Washburn and Moen Manufacturing Company
The marker is located on the north side of Illinois Route 176, just east of the toll road.
North Chicago Center for the Arts, Inc. and The Illinois State Historical Society
The Washburn and Moen Manufacturing Company of Worcester, MA., established a wire mill - the Waukegan Works - east of this location along Lake Michigan. The land for its Illinois operation was purchased January 16, 1891, on the recommendation of its advisers: Philip W. Moen, Charles G. Washburn, Fred H. Daniels, and Edwin Lenox and included much of the Elisha Wadsworth estate. In March 1891, on forty acres, construction of the mill complex was started. By September, a galvanizing operation began. In November, the company's subdivision, the Waukegan Highlands, was platted west of the mill. The first wire was drawn in December.

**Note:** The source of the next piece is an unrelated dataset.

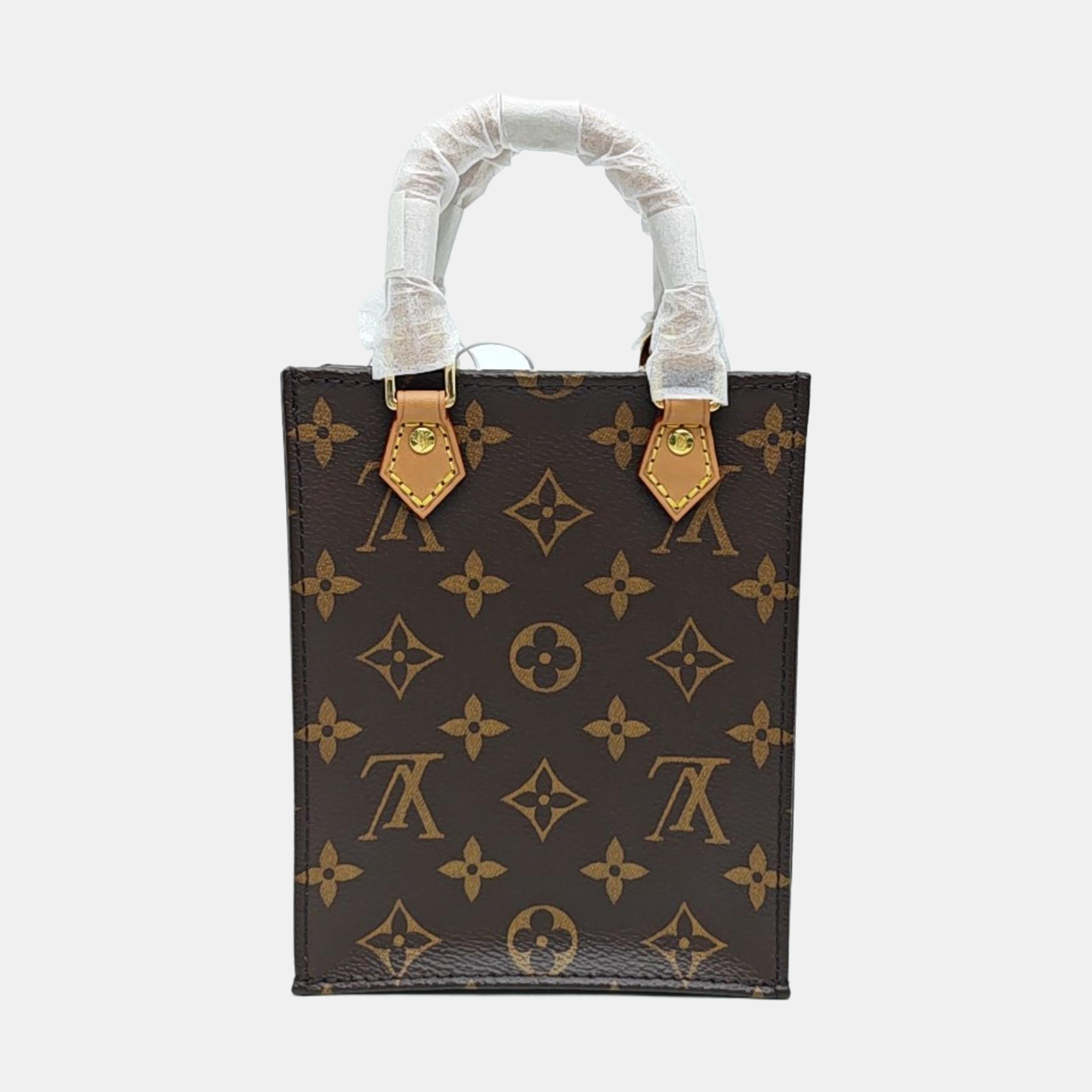 SAC PLAT Mini Monogram Coated Canvas Brown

In 1892, the Company, a principal manufacturer of Glidden Barbed wire, introduced Waukegan Barbed Wire, invented by John D. Curtis.
The establishment of the plant led both an industrial and population boom. Workers from Worcester and immigrants from Finland, Sweden, and Eastern Europe moved to the Washburn and Moen subdivision. Slovenian workers called the area the "Kompanija"- the Company District. First named South Waukegan, the community that rapidly developed near the mill was later incorporated as North Chicago.
The American Steel and Wire Company, which later became a part of the United States Steel Corporation, acquired the mill in 1899. By the 1950s, the plant had become one of Lake County's largest employers. In 1979, the mill was closed for economic reasons.